Exercise: Each record that follows is to be reproduced verbatim.

[Collection entries]

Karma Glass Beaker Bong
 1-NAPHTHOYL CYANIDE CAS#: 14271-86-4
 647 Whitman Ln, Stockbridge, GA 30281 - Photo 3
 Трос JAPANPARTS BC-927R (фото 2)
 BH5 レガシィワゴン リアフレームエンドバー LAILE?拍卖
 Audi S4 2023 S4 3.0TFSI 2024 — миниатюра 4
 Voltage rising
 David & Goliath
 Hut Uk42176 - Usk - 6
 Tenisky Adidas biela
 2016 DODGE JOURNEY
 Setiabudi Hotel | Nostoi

Answer section:
Karma Glass Beaker Bong
 1-NAPHTHOYL CYANIDE CAS#: 14271-86-4
 647 Whitman Ln, Stockbridge, GA 30281 - Photo 3
 Трос JAPANPARTS BC-927R (фото 2)
 BH5 レガシィワゴン リアフレームエンドバー LAILE?拍卖
 Audi S4 2023 S4 3.0TFSI 2024 — миниатюра 4
 Voltage rising
 David & Goliath
 Hut Uk42176 - Usk - 6
 Tenisky Adidas biela
 2016 DODGE JOURNEY
 Setiabudi Hotel | Nostoi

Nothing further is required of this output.